● **Task directions**:
Would you print the lines below exactly, beginning at the line that has "defoliated ficus" and stopping after the line that has "POV yaban bitki"? Only those lines, and no pictures.

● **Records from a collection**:
= = = = = = =

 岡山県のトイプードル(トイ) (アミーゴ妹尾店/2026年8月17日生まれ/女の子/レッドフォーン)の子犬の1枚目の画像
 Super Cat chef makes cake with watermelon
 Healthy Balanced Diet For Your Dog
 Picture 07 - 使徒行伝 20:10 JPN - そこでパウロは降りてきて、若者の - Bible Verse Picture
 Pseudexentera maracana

= = = = = = =

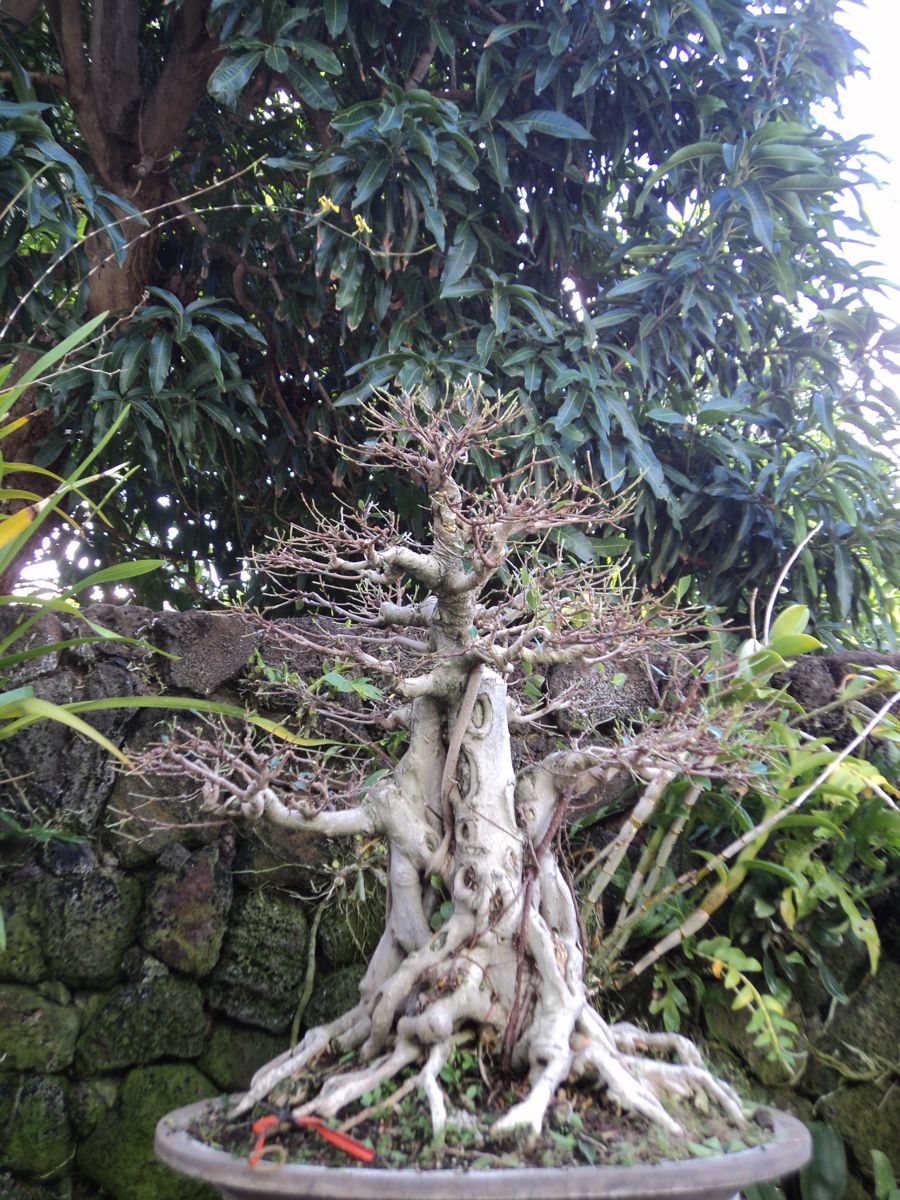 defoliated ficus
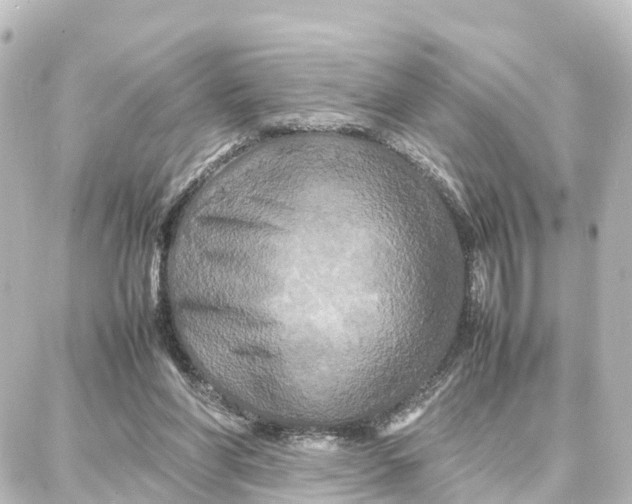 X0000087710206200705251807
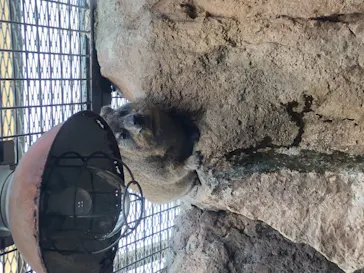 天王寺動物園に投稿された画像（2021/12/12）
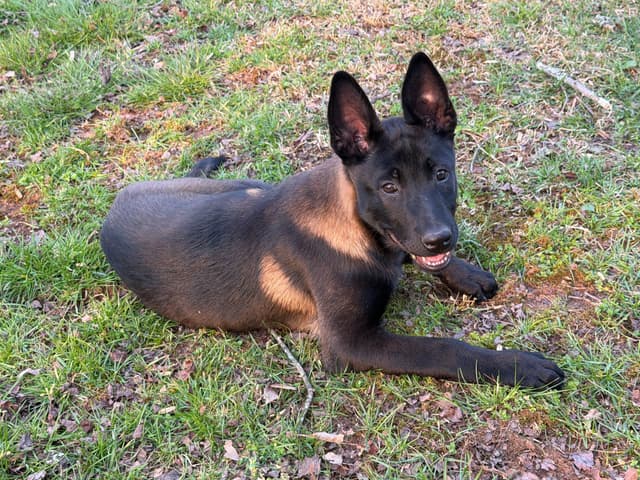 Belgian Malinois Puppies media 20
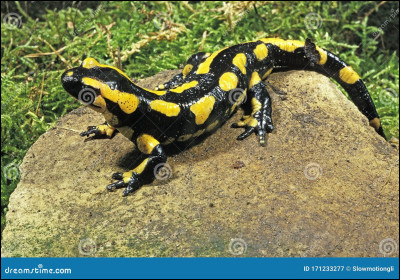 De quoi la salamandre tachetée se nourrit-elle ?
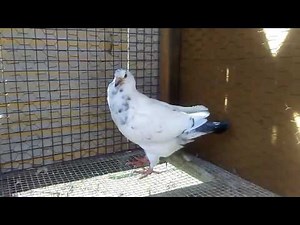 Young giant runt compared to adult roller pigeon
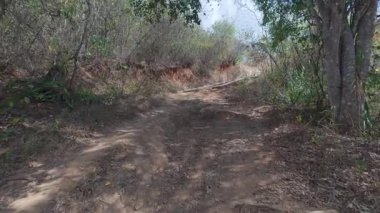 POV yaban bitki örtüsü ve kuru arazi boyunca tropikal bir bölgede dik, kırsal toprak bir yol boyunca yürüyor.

= = = = = = =

● **Response below**:
 defoliated ficus
 X0000087710206200705251807
 天王寺動物園に投稿された画像（2021/12/12）
 Belgian Malinois Puppies media 20
 De quoi la salamandre tachetée se nourrit-elle ?
 Young giant runt compared to adult roller pigeon
 POV yaban bitki örtüsü ve kuru arazi boyunca tropikal bir bölgede dik, kırsal toprak bir yol boyunca yürüyor.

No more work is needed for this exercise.